Kirkman also had issues with recent budgets, pointing out that reality always seemed to be far better than the dim forecasts of deficit spending and that “the sky is falling.”
“Over the past five years the revenue in the PVUSD budget has been underestimated by an average $42 million,” she said. “You cannot continue to claim this narrative of fiscal responsibility while underinvesting in the people that make these schools function.”
Perhaps it was in response to this type of criticism that the PVUSD approved a new literacy training program that does invest in the teachers. During the same meeting, the Board of Trustees, in a rare unanimous vote, approved a two-year teacher training program to improve literacy instruction. Titled Language Essentials for Teachers of Reading and Spelling, the LETERS program is supposed to help teachers identify individual skills a student needs to improve reading.

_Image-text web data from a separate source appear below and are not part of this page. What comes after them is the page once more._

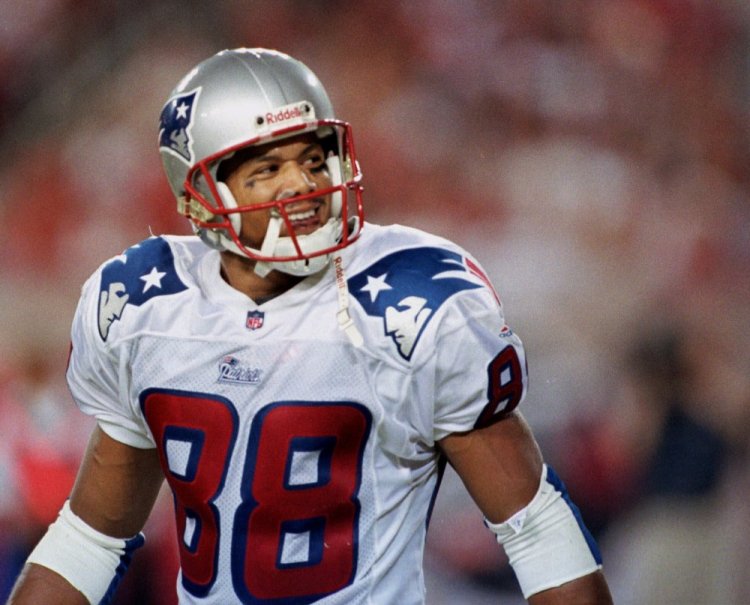 New England wide receiver Terry Glenn looks back after catching a touchdown pass from quarterback Drew Bledsoe against the Buccaneers in Tampa, Florida, in 1999. Officials say Glenn died following a one-vehicle rollover traffic accident near Dallas that left his fiancée slightly injured.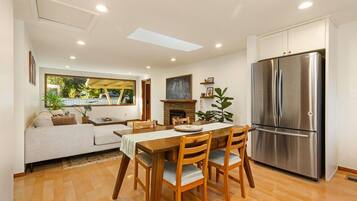 A modern kitchen with a stainless steel refrigerator, wooden dining table, and chairs. There is a fireplace and a view of the outdoors through a large window.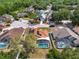 Home with a pool and solar panels is shown from above, surrounded by mature trees and neighborhood streets at 149 Imperial Oak Ct, Davenport, FL 33896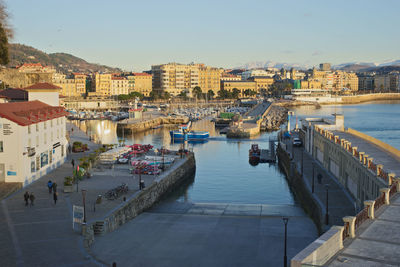 High angle view of river amidst buildings in city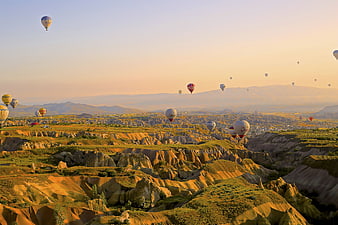 Hot Air Balloons Flying Over Cappadocia Landscape at Sunrise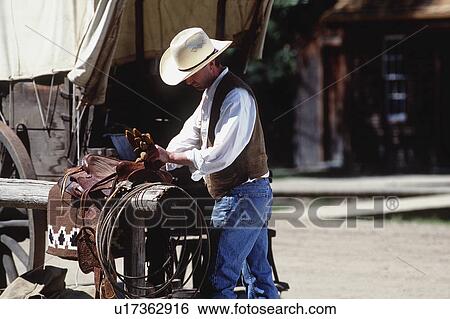 Cowboy working on saddle View Large Photo Image Stock Photograph - Cowboy working on saddle. Fotosearch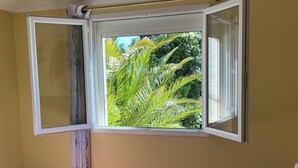 A room with a bed, a window with an open view of palm trees, and a wall socket. - Vacation home with pool (Agde)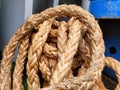 white rope with a binding fiber that binds on the boat 30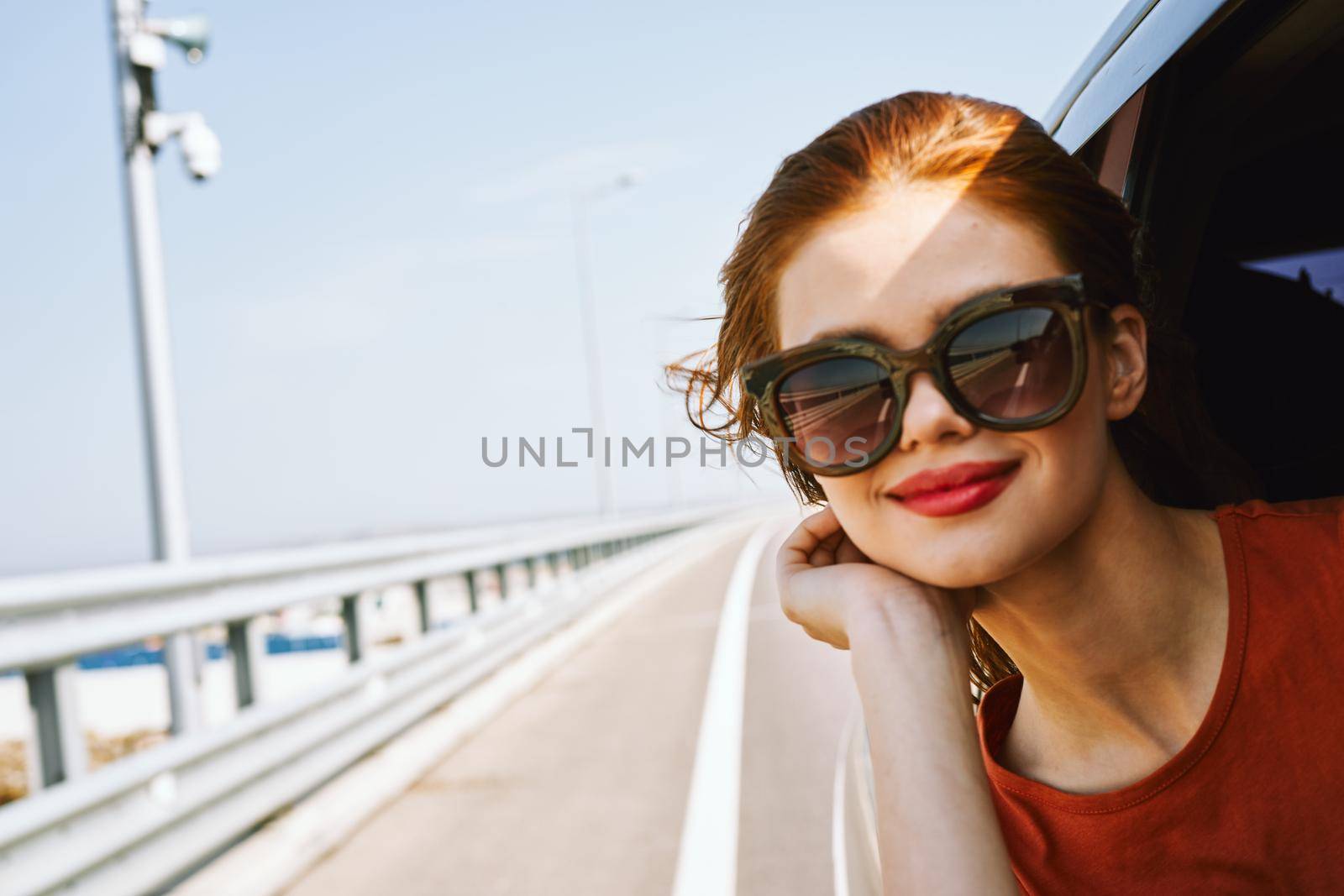 cheerful woman peeking out of the car window trip adventure lifestyle. High quality photo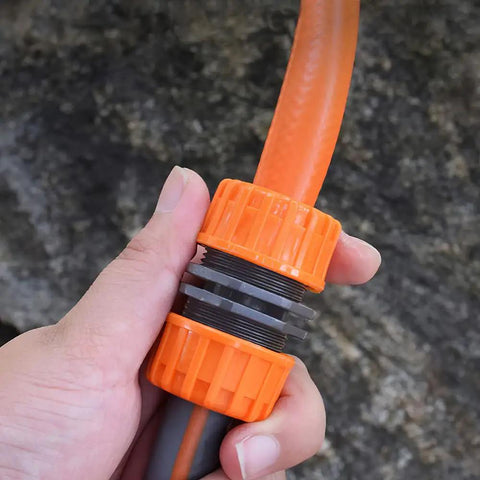 Garden Hose Repair Kit For 1/2 Inch Hoses, Quick Connect Connectors held showing Leak Proof Easy Install.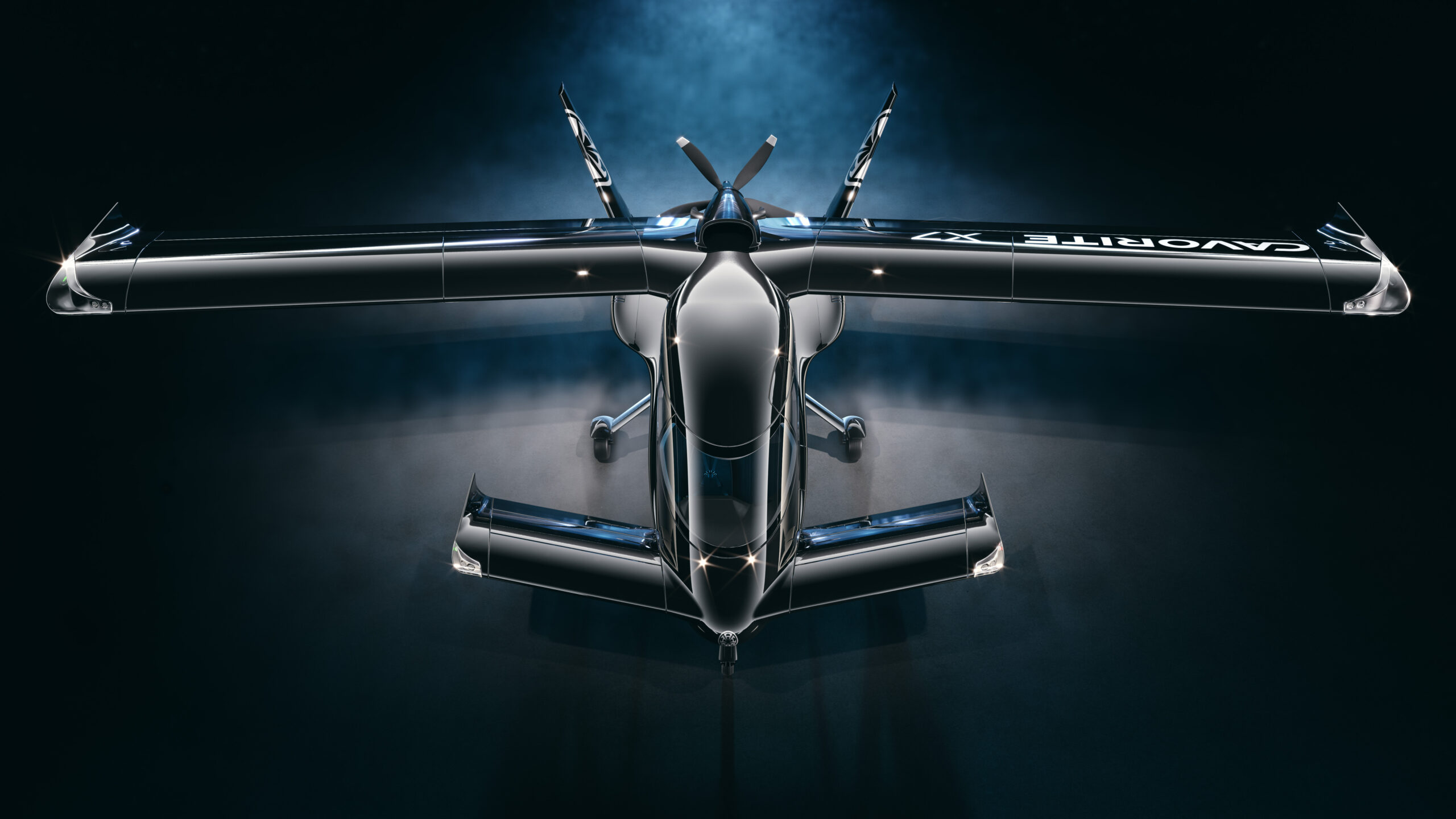 Top-down view of a high-gloss, black aircraft with wide wings and exposed rear engine nacelles against a dark background.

Superintendent Heather Contreras said the training teaches teachers the science of reading. “So what they’re learning is how the human brain learns to read and how the human brain, at any age, cracks the code of reading,” she said.
Teachers will basically receive a monthly stipend of $1,500, if they stay current in the training, for up to 10 months for two years. The program will collect data to track how students perform under teachers who took the training and teachers who did not.
Board President Olivia Flores said the program was a huge win for the students. “I just can’t wait for our numbers to go up and up,” she said.
According to the union, the district had asked the teachers to take the training while substitute teachers filled in, but teachers complained that they’d be left working extra hours creating class assignments and grading papers from home. Watsonville High School English teacher Bobby Pelz told the board that teachers refused to accept that, didn’t stay silent, supported one another and the district backed down. Now, teachers will be paid for their extra work.
“To every teacher listening, if you are overwhelmed by workload, feel your classroom conditions are impossible, if you are tired of being disrespected, know this: You don’t have to accept it,” he said.
“This is a win for our teachers,” said Kirkman, who went on to say that it was refreshing to see teachers paid for the extra work that they do, and that what they do every day should be equally valued.
The annual budget, and the fact the district is spending less than projected, was addressed later in the meeting. While $42 million may sound like a massive reserve, it only represents about 6 weeks of operating expenses for the PVUSD. A dramatic decline in enrollment or a prolonged government shutdown could quickly wipe that reserve out, pointed out Trustee Misty Navarro.
Both of those scenarios could happen at the same time. In the past 15 years, enrollment at PVUSD schools has fallen by 18%, down to 15,027 students, and is projected to decline even further to just 13,540. However, the surplus is expected to dramatically shrink.
“We have three more years, at least, with this federal government, so I think we need to be mindful going forward,” Navarro said.